Bikdeli Behnood, Khairani Candrika D, Bejjani Antoine, Lo Ying-Chih, Mahajan Shiwani, Caraballo César, Jimenez Jose Victor, Krishnathasan Darsiya, Zarghami Mehrdad, Rashedi Sina, Jimenez David, Barco Stefano, Secemsky Eric A, Klok Frederikus A, Hunsaker Andetta R, Aghayev Ayaz, Muriel Alfonso, Hussain Mohamad A, Appah-Sampong Abena, Lu Yuan, Lin Zhenqiu, Mojibian Hamid, Aneja Sanjay, Khera Rohan, Konstantinides Stavros, Goldhaber Samuel Z, Wang Liqin, Zhou Li, Monreal Manuel, Piazza Gregory, Krumholz Harlan M
Cardiovascular Medicine Division, Brigham and Women's Hospital, Harvard Medical School, Boston, Massachusetts, USA; Thrombosis Research Group, Brigham and Women's Hospital, Harvard Medical School, Boston, Massachusetts, USA; YNHH/Yale Center for Outcomes Research and Evaluation, New Haven, Connecticut, USA.
Thrombosis Research Group, Brigham and Women's Hospital, Harvard Medical School, Boston, Massachusetts, USA.
J Thromb Haemost. 2025 Feb;23(2):556-564. doi: 10.1016/j.jtha.2024.10.013. Epub 2024 Nov 4.

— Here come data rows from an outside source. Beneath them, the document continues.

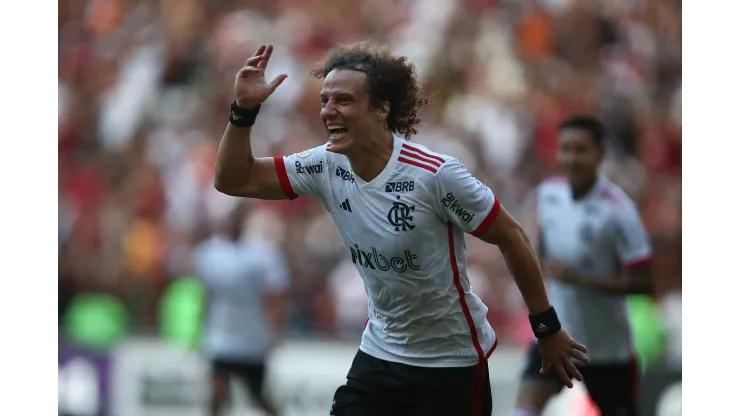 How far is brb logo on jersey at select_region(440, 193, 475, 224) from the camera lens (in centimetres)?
506

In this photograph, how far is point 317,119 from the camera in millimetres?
15898

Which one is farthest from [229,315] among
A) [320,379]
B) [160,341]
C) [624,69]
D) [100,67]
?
[100,67]

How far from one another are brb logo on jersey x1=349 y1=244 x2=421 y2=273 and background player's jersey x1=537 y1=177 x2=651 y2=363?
2711mm

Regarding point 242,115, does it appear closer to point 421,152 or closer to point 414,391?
point 421,152

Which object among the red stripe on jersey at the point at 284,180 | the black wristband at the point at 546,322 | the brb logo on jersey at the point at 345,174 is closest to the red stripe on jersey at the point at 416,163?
the brb logo on jersey at the point at 345,174

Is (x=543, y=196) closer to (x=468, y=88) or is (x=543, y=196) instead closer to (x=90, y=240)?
(x=468, y=88)

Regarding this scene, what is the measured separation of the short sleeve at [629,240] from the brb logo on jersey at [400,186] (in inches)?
115

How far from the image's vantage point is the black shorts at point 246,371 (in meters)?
11.8

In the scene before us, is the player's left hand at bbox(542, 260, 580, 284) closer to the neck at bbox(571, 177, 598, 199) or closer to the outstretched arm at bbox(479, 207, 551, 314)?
the neck at bbox(571, 177, 598, 199)

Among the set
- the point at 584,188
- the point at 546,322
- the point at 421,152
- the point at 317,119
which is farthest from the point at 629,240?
the point at 317,119

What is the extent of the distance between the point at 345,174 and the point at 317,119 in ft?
35.0

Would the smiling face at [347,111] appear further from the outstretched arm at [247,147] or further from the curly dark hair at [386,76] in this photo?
the outstretched arm at [247,147]

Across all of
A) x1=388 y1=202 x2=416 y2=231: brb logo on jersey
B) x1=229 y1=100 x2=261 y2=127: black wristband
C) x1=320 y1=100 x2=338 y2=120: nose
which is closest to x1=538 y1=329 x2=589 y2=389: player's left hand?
x1=388 y1=202 x2=416 y2=231: brb logo on jersey

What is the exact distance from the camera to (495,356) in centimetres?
1160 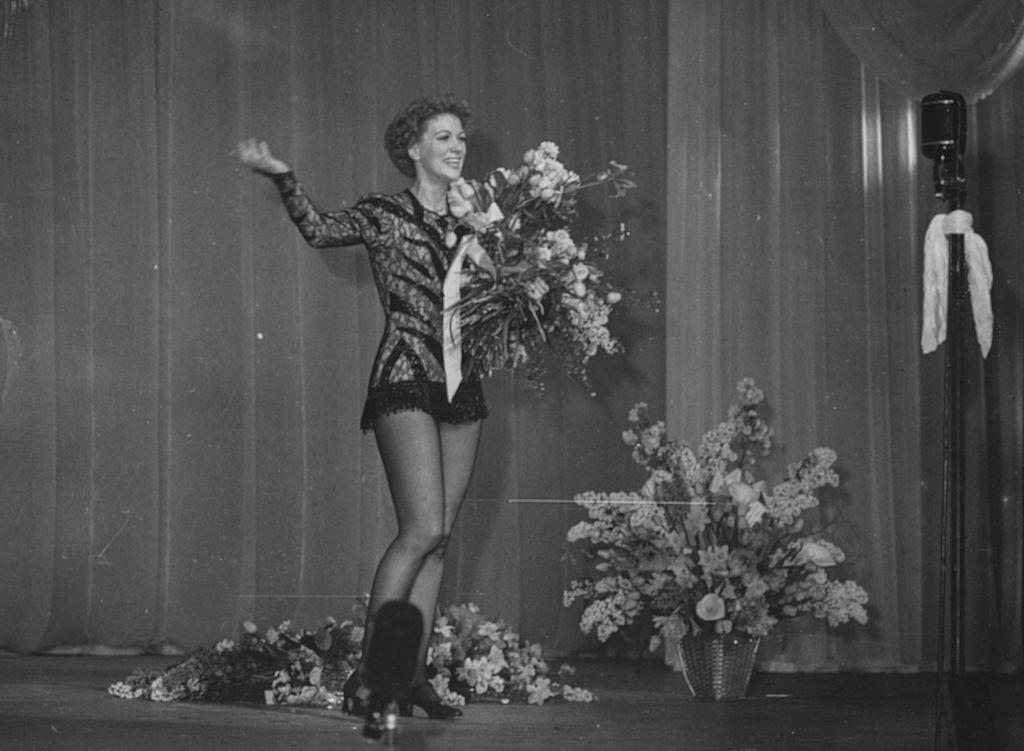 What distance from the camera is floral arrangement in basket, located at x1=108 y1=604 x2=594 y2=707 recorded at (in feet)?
12.5

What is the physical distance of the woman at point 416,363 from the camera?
3420 millimetres

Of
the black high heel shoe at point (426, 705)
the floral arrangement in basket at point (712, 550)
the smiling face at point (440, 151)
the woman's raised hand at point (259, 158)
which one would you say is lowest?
the black high heel shoe at point (426, 705)

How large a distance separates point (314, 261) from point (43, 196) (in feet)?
3.03

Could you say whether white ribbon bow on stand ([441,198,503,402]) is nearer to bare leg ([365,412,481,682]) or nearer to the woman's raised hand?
bare leg ([365,412,481,682])

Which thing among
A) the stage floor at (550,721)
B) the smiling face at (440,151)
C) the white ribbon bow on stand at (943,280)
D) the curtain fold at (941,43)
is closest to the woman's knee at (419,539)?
the stage floor at (550,721)

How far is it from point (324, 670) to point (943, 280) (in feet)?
6.28

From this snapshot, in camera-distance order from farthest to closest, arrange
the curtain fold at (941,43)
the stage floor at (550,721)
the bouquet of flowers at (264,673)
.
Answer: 1. the curtain fold at (941,43)
2. the bouquet of flowers at (264,673)
3. the stage floor at (550,721)

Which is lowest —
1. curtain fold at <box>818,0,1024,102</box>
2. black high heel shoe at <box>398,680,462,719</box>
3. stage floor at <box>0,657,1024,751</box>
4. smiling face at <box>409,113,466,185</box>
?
stage floor at <box>0,657,1024,751</box>

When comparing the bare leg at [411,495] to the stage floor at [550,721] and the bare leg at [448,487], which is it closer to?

Many research investigations for pulmonary embolism (PE) rely on the International Classification of Diseases 10th Revision (ICD-10) codes for analyses of electronic databases. The validity of ICD-10 codes in identifying PE remains uncertain.
The objective of this study was to validate an algorithm to efficiently identify pulmonary embolism using ICD-10 codes.
Using a prespecified protocol, patients in the Mass General-Brigham hospitals (2016-2021) with ICD-10 principal discharge codes for PE, those with secondary codes for PE, and those without PE codes were identified (n = 578 from each group). Weighting was applied to represent each group proportionate to their true prevalence. The accuracy of ICD-10 codes for identifying PE was compared with adjudication by independent physicians. The F1 score, which incorporates sensitivity and positive predictive value (PPV), was assessed. Subset validation was performed at Yale-New Haven Health System.
A total of 1712 patients were included (age: 60.6 years; 52.3% female). ICD-10 PE codes in the principal discharge position had sensitivity and PPV of 58.3% and 92.1%, respectively. Adding secondary discharge codes to the principal discharge codes improved the sensitivity to 83.2%, but the PPV was reduced to 79.1%. Using a combination of ICD-10 PE principal discharge codes or secondary codes plus imaging codes for PE led to sensitivity and PPV of 81.6% and 84.7%, respectively, and the highest F1 score (83.1%; P < .001 compared with other methods). Validation yielded largely similar results.
Although the principal discharge codes for PE show excellent PPV, they miss 40% of acute PEs. A combination of principal discharge codes and secondary codes plus PE imaging codes led to improved sensitivity without severe reduction in PPV.
许多关于肺栓塞(PE)的研究调查依赖国际疾病分类第十版(ICD - 10)编码来分析电子数据库。ICD - 10编码在识别PE方面的有效性仍不确定。
本研究的目的是验证一种使用ICD - 10编码有效识别肺栓塞的算法。
采用预先指定的方案,识别麻省总医院布莱根分院(2016 - 2021年)中主要出院诊断编码为PE的患者、次要诊断编码为PE的患者以及无PE编码的患者(每组n = 578)。应用加权来表示每组与真实患病率成比例的情况。将ICD - 10编码识别PE的准确性与独立医生的判定结果进行比较。评估了结合敏感性和阳性预测值(PPV)的F1分数。在耶鲁 - 纽黑文医疗系统进行了子集验证。
共纳入1712例患者(年龄:60.6岁;52.3%为女性)。主要出院诊断位置的ICD - 10 PE编码的敏感性和PPV分别为58.3%和92.1%。在主要出院诊断编码中加入次要出院诊断编码可将敏感性提高到83.2%,但PPV降至79.1%。使用ICD - 10 PE主要出院诊断编码或次要诊断编码加上PE影像编码的组合,敏感性和PPV分别为81.6%和84.7%,且F1分数最高(83.1%;与其他方法相比,P < .001)。验证得出了大致相似的结果。
虽然PE的主要出院诊断编码显示出优异的PPV,但它们遗漏了40%的急性PE。主要出院诊断编码、次要诊断编码加上PE影像编码的组合可提高敏感性,同时PPV没有严重降低。